◆ **RECORDED DATA**:
================

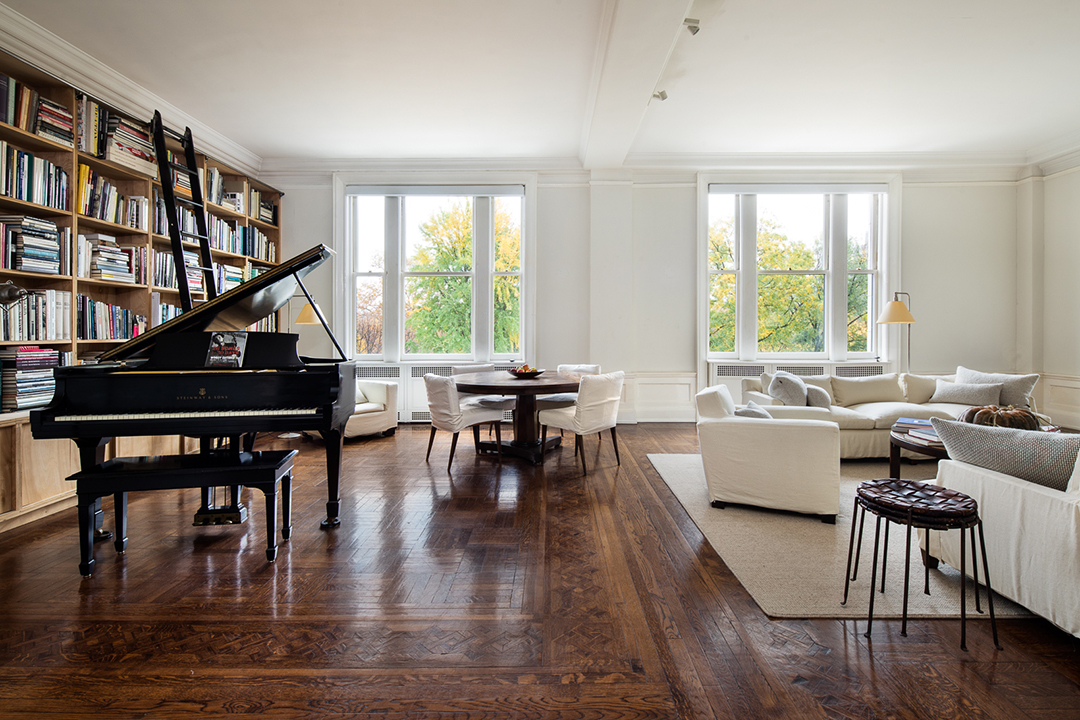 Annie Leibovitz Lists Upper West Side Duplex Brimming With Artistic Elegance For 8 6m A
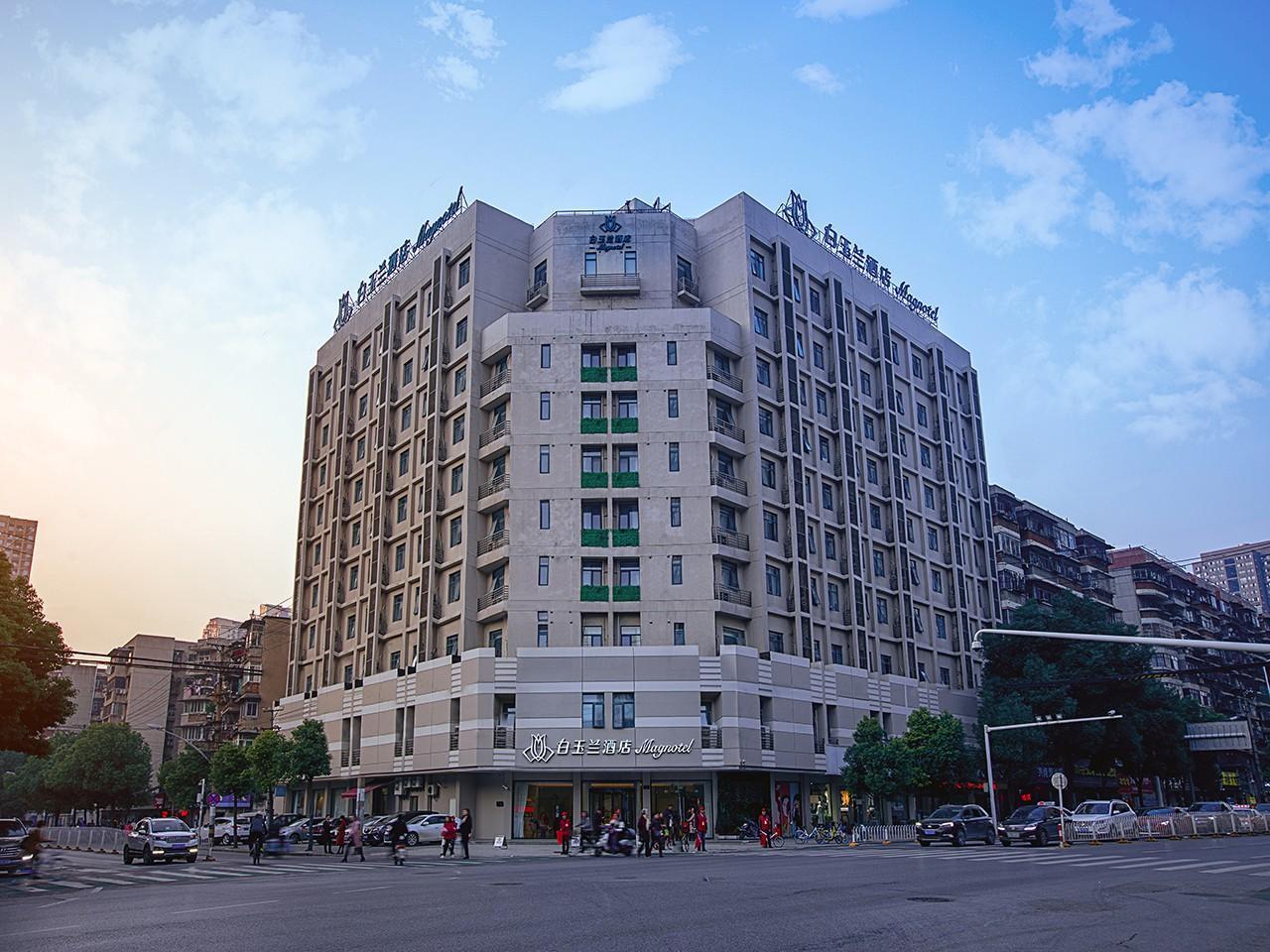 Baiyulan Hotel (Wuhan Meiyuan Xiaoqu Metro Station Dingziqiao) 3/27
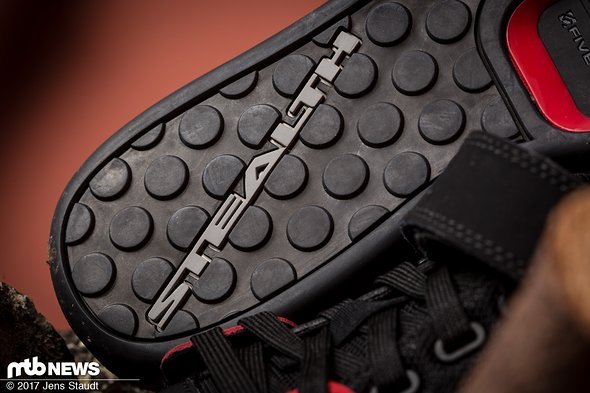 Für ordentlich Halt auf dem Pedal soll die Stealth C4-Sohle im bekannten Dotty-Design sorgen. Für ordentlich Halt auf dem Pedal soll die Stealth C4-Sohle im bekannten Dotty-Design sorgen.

================

◆ **INSTRUCTIONS FOR THE TASK**:
When you restate the listing, keep every word as it is and drop the pictures.

◆ **SOLUTION**:
 Annie Leibovitz Lists Upper West Side Duplex Brimming With Artistic Elegance For 8 6m A
 Baiyulan Hotel (Wuhan Meiyuan Xiaoqu Metro Station Dingziqiao) 3/27
 Für ordentlich Halt auf dem Pedal soll die Stealth C4-Sohle im bekannten Dotty-Design sorgen. Für ordentlich Halt auf dem Pedal soll die Stealth C4-Sohle im bekannten Dotty-Design sorgen.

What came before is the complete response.